Fahs, displaced once again with his family, said, "We can no longer bear the costs of war and displacement. Our lives have become nothing but the luggage of displacement."
Many people from the Nabatieh district, like Mohammad Fahs, rushed to return, but only a few days later, they faced new displacement.
Ali Nimah, from the town of Habouch in the same area, told Al-Araby Al-Jadeed, "I left this morning with my family, after the bombing of the town intensified and one of the attacks wounded nine people."
He added, "We can no longer speak in the face of the Zionist regime's killing machine, which is trying to prevent us from returning to our villages."
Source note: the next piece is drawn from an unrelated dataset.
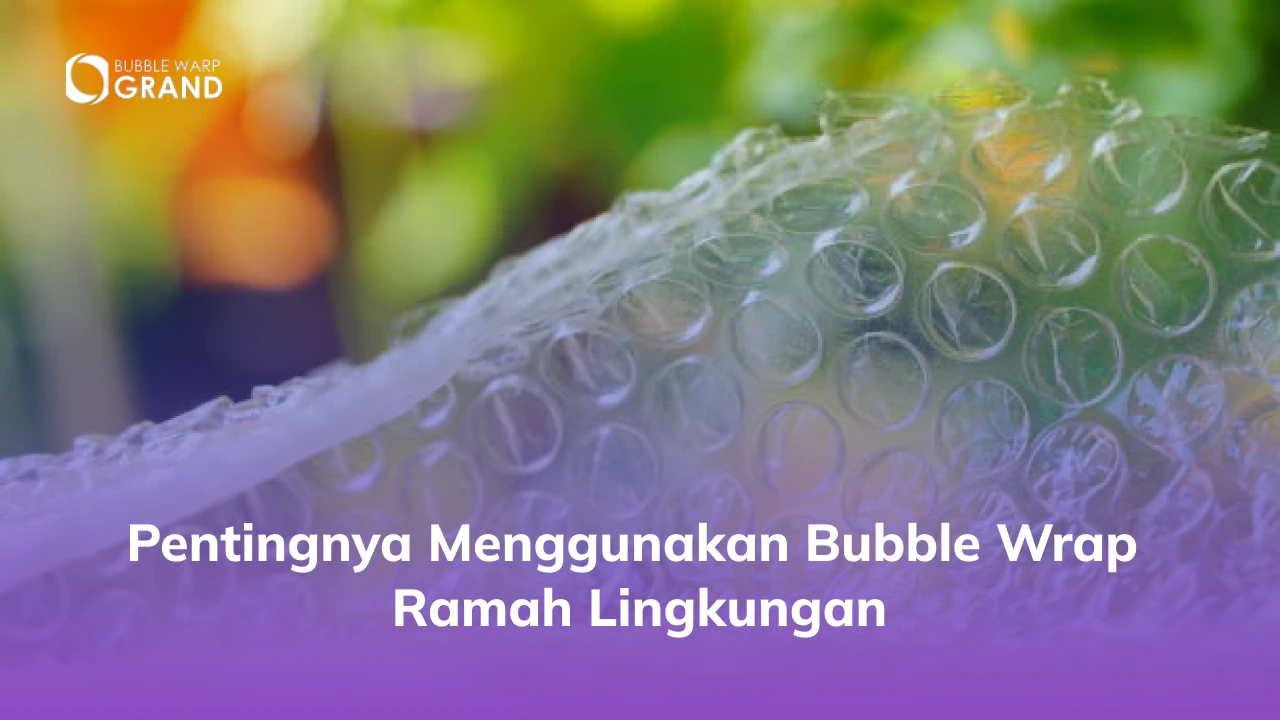 Pentingnya Menggunakan Bubble Wrap Ramah Lingkungan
Nimah, who went to his relatives' home in the town of Ramileh, south of Beirut, to find out the status of the purported agreement, said, "I have three children, and I have lost hope for stability in southern Lebanon."
Stability in Southern Lebanon Has Become an Illusion
In contrast to those who, despite all warnings, returned to the towns and villages of southern Lebanon, some decided to wait, even temporarily. But they too faced new disappointment.
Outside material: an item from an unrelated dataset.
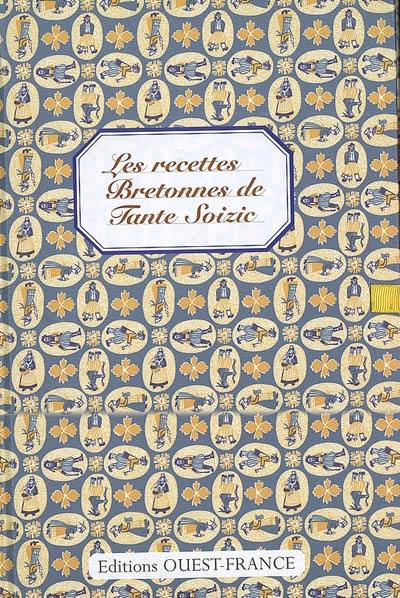 Les recettes bretonnes de tante Soizic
Among them is Batoul Ezzeddine, from the town of Zoutar Sharqi in the Nabatieh district, who has still not been able to return home. She told Al-Araby Al-Jadeed that she went on Thursday to the town of Sarafand in the Sidon district in southern Lebanon to stay with a friend, and together they toured the villages of the Zahrani plain up to the vicinity of Nabatieh.
Ezzeddine does not hide the fact that she feels stability in southern Lebanon has become an illusion.
She said, "This became clear this morning when we found ourselves once again on the road back to our displacement location in the city of Sidon."
She continued, "Every time the Zionist regime's attacks resume and we are forced to be displaced again, we feel intense anger, defeat, and psychological exhaustion."
On the other hand, some people in southern Lebanon decided, despite the risks, to remain in the areas to which they had returned, not repeating the experience of displacement.